## Work task:
Return every line from the one with "Archaeologists study a" through the one with "Movie still from", inclusive, exactly as it appears below.

## Records shown:
--------
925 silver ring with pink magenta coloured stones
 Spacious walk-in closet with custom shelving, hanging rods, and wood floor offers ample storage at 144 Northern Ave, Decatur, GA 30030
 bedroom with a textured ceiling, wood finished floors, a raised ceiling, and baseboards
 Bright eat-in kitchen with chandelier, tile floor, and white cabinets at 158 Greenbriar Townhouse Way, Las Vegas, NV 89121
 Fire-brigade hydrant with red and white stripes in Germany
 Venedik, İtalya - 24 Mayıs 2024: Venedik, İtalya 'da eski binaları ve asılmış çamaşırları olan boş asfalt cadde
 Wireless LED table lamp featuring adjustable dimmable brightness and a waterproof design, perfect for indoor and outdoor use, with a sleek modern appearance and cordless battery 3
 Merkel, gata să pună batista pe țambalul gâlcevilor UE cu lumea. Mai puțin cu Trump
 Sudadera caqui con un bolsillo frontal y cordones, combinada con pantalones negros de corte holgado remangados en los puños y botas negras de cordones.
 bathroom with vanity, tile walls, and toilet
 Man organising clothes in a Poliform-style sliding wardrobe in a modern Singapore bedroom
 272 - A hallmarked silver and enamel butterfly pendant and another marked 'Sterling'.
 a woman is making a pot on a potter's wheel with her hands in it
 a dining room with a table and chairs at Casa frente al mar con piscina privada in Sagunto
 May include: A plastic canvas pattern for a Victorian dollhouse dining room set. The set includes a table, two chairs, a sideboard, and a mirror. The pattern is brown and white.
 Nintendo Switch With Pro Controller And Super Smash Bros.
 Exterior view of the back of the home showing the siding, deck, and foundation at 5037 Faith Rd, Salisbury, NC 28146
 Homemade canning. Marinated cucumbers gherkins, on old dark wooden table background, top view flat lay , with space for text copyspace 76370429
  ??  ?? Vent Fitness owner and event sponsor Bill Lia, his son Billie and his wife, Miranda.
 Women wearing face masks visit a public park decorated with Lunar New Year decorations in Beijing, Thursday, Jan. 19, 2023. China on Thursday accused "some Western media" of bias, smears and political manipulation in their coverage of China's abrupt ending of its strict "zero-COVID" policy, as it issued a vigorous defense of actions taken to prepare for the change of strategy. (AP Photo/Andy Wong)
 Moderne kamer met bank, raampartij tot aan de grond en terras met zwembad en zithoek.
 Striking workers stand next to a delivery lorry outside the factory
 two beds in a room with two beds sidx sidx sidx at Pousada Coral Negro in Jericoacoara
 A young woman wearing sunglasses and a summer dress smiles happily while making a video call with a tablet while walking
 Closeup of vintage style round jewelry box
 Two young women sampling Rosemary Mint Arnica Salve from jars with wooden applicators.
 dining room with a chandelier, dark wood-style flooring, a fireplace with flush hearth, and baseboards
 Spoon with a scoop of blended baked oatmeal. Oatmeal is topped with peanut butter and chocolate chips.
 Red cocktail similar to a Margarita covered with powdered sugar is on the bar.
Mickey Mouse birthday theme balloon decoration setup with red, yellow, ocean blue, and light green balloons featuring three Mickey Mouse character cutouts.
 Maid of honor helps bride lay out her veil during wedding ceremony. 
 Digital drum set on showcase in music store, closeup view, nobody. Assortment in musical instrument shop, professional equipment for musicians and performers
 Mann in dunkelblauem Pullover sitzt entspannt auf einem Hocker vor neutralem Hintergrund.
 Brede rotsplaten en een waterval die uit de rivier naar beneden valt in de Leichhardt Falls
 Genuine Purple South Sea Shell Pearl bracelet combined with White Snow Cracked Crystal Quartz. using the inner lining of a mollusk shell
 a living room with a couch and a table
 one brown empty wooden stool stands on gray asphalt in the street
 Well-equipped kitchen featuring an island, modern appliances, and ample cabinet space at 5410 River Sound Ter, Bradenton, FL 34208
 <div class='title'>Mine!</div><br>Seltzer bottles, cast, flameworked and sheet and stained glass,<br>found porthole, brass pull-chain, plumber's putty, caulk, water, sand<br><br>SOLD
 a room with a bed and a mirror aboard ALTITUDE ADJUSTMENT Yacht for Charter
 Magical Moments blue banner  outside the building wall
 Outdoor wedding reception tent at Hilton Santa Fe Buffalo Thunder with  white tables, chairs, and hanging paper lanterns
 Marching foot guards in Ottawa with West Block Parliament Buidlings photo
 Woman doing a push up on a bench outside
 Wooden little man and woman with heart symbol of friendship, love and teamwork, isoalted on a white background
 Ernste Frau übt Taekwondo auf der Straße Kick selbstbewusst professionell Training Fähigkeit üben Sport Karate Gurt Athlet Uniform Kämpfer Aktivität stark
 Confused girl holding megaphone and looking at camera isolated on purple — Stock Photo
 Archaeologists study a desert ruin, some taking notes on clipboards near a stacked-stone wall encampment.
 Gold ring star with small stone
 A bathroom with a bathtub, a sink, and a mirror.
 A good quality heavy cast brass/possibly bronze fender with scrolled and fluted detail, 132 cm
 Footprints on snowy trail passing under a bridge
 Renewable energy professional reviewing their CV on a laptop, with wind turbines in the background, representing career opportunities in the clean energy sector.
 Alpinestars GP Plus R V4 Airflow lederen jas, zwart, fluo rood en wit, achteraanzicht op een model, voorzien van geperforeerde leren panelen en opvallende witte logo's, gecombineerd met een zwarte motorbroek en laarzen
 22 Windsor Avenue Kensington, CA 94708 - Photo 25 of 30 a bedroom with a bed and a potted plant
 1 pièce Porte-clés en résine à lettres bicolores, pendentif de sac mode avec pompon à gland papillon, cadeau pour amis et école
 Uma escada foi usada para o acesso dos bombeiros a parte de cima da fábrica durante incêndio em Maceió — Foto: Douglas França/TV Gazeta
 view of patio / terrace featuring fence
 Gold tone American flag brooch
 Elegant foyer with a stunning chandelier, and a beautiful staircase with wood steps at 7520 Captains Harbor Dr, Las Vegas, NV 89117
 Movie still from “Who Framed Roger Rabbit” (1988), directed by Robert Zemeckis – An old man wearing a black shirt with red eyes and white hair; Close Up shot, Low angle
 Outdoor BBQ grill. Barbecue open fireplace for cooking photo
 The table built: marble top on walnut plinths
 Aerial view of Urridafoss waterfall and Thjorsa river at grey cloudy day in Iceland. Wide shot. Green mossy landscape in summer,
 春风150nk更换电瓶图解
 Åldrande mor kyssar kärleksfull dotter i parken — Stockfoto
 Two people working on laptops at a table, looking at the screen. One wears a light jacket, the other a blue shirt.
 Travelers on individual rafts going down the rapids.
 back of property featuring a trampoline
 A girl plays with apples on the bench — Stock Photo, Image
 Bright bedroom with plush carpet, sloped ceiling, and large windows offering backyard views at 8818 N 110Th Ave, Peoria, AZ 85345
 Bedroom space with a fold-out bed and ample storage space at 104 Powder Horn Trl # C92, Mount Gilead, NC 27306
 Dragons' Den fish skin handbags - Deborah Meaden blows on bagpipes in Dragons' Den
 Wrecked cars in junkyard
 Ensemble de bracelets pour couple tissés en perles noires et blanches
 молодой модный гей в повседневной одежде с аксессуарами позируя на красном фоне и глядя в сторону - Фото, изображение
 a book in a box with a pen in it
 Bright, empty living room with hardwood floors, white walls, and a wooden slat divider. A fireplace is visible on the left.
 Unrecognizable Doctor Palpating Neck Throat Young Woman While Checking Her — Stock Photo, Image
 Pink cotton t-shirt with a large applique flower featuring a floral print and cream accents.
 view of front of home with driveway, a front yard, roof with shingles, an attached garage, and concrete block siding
--------
## Task answer:
 Archaeologists study a desert ruin, some taking notes on clipboards near a stacked-stone wall encampment.
 Gold ring star with small stone
 A bathroom with a bathtub, a sink, and a mirror.
 A good quality heavy cast brass/possibly bronze fender with scrolled and fluted detail, 132 cm
 Footprints on snowy trail passing under a bridge
 Renewable energy professional reviewing their CV on a laptop, with wind turbines in the background, representing career opportunities in the clean energy sector.
 Alpinestars GP Plus R V4 Airflow lederen jas, zwart, fluo rood en wit, achteraanzicht op een model, voorzien van geperforeerde leren panelen en opvallende witte logo's, gecombineerd met een zwarte motorbroek en laarzen
 22 Windsor Avenue Kensington, CA 94708 - Photo 25 of 30 a bedroom with a bed and a potted plant
 1 pièce Porte-clés en résine à lettres bicolores, pendentif de sac mode avec pompon à gland papillon, cadeau pour amis et école
 Uma escada foi usada para o acesso dos bombeiros a parte de cima da fábrica durante incêndio em Maceió — Foto: Douglas França/TV Gazeta
 view of patio / terrace featuring fence
 Gold tone American flag brooch
 Elegant foyer with a stunning chandelier, and a beautiful staircase with wood steps at 7520 Captains Harbor Dr, Las Vegas, NV 89117
 Movie still from “Who Framed Roger Rabbit” (1988), directed by Robert Zemeckis – An old man wearing a black shirt with red eyes and white hair; Close Up shot, Low angle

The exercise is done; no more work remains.